Io sono Luce che permea i giardini d'Arcadia con occhi che sembrano stelle e fascinose labbra scarlatte vettrici d'un soffio immanente. Un verde idillio scolpito nella mia veste d'avorio soggiace ogni paura ancorandomi alla Vita.
Sotto quest'olmo giaccio con le Ninfe d'Artemide, su quest'erba più soffice del sonno attendo il risveglio di Pan. Nella sua vergine casa celebro il mio legame alla terra errando dalle acque di Vita al vertice dell'Etna. Vivo per sempre in Arcadia.

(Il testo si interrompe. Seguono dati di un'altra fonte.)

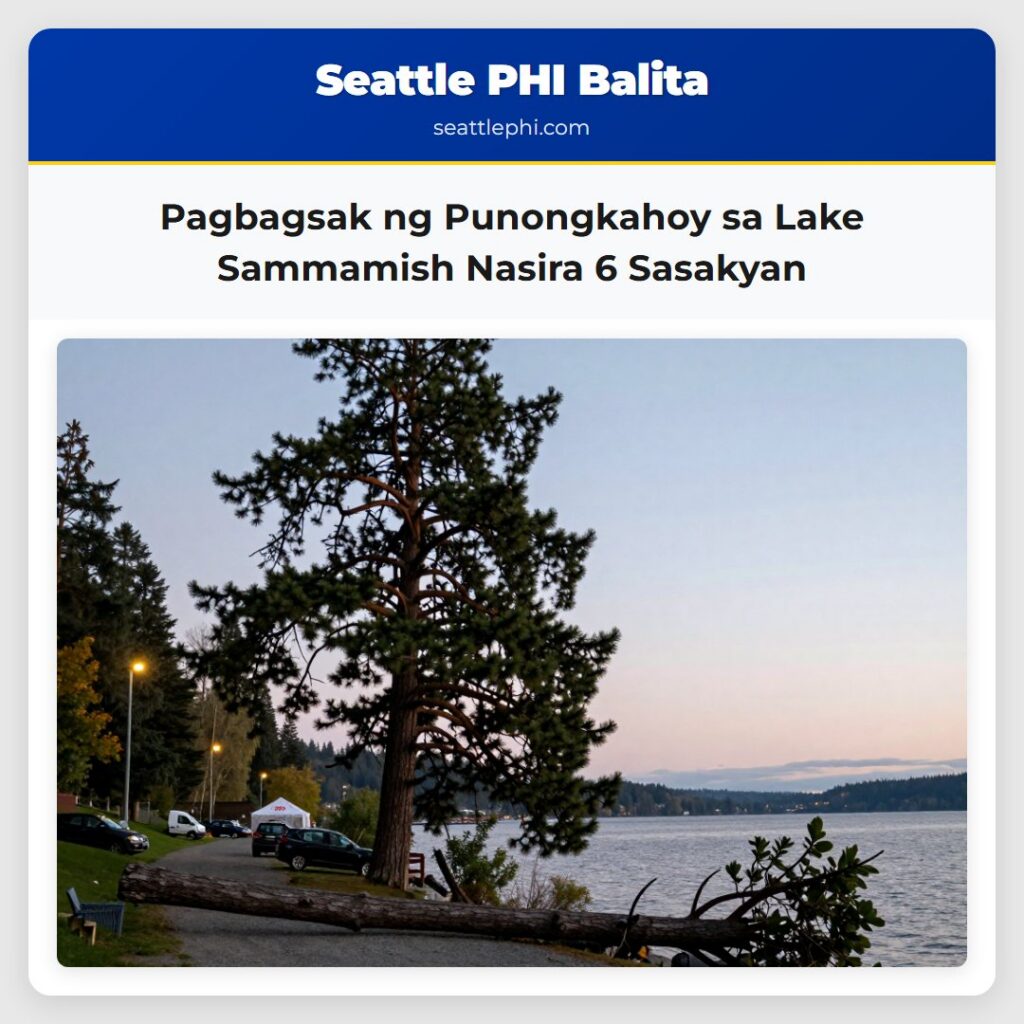 Pagbagsak ng Punongkahoy sa Lake Sammamish Nasira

Io, da una luce assordante tristemente attratto porto meco la tenebra del Tartaro, il suono d'un flauto spezzato nella bocca di Dio.
In apparenza ignorato dal Caos, inconsapevolmente pregno di Morte, questo regno incarna ogni forma d'odio, fertile terreno per aride spighe.
Non v'è luogo ch'io non possa raggiungere Non v'è dono ch'io non possa elargire Non una vita ch'io non possa spezzare.
Io, un avverso destino invocato in segreto, su questa lapide tuono,
Non v'è luogo ch'io non possa raggiungere Non v'è dono ch'io non possa elargire Non una vita ch'io non possa spezzare.